WYLD-FM
- New Orleans, Louisiana; United States;
- Broadcast area: New Orleans metropolitan area
- Frequency: 98.5 MHz (HD Radio)
- Branding: 98.5 WYLD

Programming
- Format: Urban adult contemporary
- Affiliations: Premiere Networks

Ownership
- Owner: iHeartMedia, Inc.; (iHM Licenses, LLC);
- Sister stations: WFFX; WNOE-FM; WODT; WQUE-FM; WRNO-FM; WYLD;

History
- First air date: March 11, 1965
- Former call signs: WWOM-FM (1965–1972); WIXO (1972–1974);
- Call sign meaning: Sounds like "wild"

Technical information
- Facility ID: 11972
- Class: C0
- ERP: 100,000 watts
- HAAT: 300 meters (980 ft)

Links
- Webcast: Listen live (via iHeartRadio)
- Website: wyldfm.iheart.com

= WYLD-FM =

Urban adult contemporary radio station in New Orleans

WYLD-FM (98.5 MHz) is a commercial radio station in New Orleans, Louisiana, and one of the highest-rated radio stations in the market. It airs an urban adult contemporary radio format and is owned by iHeartMedia, Inc. The studios and offices are located in Downtown New Orleans. It carries the syndicated Steve Harvey Morning Show weekdays from co-owned Premiere Networks.

WYLD-FM has an effective radiated power (ERP) of 100,000 watts. The transmitter is on Behrman Highway in the Algiers neighborhood of New Orleans.

==History==
On March 11, 1965, 98.5 MHz signed on as WWOM-FM, the sister station to WWOM (600 AM). It was owned by the Wagenwood Broadcasting Company, with studios at 344 Camp Street.

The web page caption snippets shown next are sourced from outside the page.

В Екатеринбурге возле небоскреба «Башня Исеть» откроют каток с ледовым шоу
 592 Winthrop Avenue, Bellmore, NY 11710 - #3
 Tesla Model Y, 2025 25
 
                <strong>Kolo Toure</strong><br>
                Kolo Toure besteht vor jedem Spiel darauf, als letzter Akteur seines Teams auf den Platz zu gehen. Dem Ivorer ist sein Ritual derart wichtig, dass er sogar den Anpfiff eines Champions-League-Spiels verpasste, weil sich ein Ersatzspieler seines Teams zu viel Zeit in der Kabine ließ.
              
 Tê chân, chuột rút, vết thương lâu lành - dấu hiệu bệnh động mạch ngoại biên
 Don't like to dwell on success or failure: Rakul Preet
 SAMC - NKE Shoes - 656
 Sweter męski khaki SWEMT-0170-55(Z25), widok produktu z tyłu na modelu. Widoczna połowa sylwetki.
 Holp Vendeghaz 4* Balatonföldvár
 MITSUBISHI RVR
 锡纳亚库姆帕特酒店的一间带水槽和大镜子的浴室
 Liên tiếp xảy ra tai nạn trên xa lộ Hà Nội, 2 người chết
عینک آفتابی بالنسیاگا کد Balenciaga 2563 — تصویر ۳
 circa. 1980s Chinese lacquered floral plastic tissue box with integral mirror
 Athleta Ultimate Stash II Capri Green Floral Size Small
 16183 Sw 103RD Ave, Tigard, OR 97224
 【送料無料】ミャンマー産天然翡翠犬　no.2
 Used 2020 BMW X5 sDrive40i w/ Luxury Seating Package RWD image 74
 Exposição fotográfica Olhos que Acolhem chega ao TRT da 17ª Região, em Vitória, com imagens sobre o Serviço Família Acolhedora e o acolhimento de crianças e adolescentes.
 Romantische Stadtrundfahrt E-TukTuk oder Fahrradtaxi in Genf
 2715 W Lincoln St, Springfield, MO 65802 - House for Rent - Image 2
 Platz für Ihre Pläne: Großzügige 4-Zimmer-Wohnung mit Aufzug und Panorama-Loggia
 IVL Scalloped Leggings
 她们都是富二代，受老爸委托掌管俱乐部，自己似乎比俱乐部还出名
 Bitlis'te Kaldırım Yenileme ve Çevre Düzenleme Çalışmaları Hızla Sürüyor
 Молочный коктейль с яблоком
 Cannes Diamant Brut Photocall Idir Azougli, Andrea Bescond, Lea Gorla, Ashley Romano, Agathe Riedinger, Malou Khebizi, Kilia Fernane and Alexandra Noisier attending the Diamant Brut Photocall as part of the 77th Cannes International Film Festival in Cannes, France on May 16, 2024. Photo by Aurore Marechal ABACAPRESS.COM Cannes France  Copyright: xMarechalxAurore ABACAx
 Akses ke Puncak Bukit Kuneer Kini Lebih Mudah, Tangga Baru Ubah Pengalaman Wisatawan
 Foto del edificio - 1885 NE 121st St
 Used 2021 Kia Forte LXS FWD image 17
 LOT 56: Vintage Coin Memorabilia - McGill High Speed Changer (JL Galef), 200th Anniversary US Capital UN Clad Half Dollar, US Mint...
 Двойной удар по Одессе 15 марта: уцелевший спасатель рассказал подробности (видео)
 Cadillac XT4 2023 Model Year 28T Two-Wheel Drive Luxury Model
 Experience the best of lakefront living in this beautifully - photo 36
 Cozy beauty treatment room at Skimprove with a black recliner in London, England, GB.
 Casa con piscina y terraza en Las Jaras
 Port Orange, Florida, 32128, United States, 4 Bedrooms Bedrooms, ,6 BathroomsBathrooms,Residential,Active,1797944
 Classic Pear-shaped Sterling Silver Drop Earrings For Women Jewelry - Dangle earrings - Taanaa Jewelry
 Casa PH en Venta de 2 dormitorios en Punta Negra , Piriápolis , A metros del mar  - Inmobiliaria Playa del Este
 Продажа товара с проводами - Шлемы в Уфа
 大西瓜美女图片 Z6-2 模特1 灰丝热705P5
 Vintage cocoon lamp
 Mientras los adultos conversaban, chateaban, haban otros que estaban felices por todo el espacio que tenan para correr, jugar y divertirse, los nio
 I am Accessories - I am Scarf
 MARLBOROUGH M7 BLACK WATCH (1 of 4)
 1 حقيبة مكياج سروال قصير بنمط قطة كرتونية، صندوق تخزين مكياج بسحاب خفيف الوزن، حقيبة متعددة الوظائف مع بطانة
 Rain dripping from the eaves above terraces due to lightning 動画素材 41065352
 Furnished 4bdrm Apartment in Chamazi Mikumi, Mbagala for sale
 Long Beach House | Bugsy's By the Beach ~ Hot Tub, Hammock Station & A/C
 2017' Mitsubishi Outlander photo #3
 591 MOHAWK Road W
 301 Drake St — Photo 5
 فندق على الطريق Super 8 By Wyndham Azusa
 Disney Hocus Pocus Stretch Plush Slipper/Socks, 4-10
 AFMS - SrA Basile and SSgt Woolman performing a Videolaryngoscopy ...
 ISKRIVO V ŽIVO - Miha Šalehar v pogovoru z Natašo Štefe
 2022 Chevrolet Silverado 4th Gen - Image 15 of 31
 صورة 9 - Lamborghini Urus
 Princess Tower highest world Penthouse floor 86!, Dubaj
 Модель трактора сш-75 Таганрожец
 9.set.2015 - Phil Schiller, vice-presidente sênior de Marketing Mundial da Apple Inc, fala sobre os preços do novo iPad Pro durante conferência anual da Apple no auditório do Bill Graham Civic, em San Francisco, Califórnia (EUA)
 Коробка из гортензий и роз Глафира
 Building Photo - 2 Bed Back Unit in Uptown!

The station was sold to Advance Communications in 1972, and became Top 40-formatted WIXO ("98.5 - a little cooler than normal"). However, in the early 1970s, only some people owned FM radios and ratings were low. On September 24, 1974, at 4: p.m., WIXO went dark. "Golden Slumbers", "Carry That Weight", and "The End", tracks from The Beatles’ Abbey Road album, were the final tunes to be played on the station. After Program Director and morning disc jockey Michael Greene (formerly of WTIX) read the sign-off announcement, the station called it a day with "Her Majesty", the very last track from Abbey Road.

The station remained silent for five months, with the owners stating they could no longer bear its operating costs. It was sold to Peterson Broadcasting Corporation in February 1975. Under Peterson, the newly renamed WYLD-FM began a successful run as a rhythmic contemporary ("CHUrban") outlet after the format was shifted over from WYLD (940 AM), which Peterson separately bought at the same time. For years, it was branded as WYLD FM 98 and later as WYLD FM 98 Jammin'!. By the late 1980s, it competed with WQUE-FM, which lasted until 1993, when it became WQUE's sister station. With WQUE concentrating on youthful listeners, WYLD-FM evolved into its current urban adult contemporary format.

WYLD-AM-FM were acquired by San Antonio-based Clear Channel Communications in 1993. Clear Channel was the forerunner to today's owner, iHeartMedia, Inc.

Until December 2013, WYLD-FM carried the syndicated Tom Joyner Morning Show. Crosstown competitor KMEZ picked up Joyner, and WYLD-FM switched to carrying Steve Harvey in the morning, which formerly aired on WQUE.

On August 1, 2012, WYLD-FM's HD2 subchannel and its FM translator K242CE (96.3 FM) dropped their smooth jazz format for Top 40/CHR as "96.3 KISS FM". This marks the second time in the market that Clear Channel has used the Top 40 "KISS-FM" brand, which was previously used at KSTE-FM. The "Kiss FM" format lasted until February 17, 2014, when K242CE switched to active rock, simulcasting WRNO-HD2. The translator now carries the "Throwback" format, airing classic hip hop.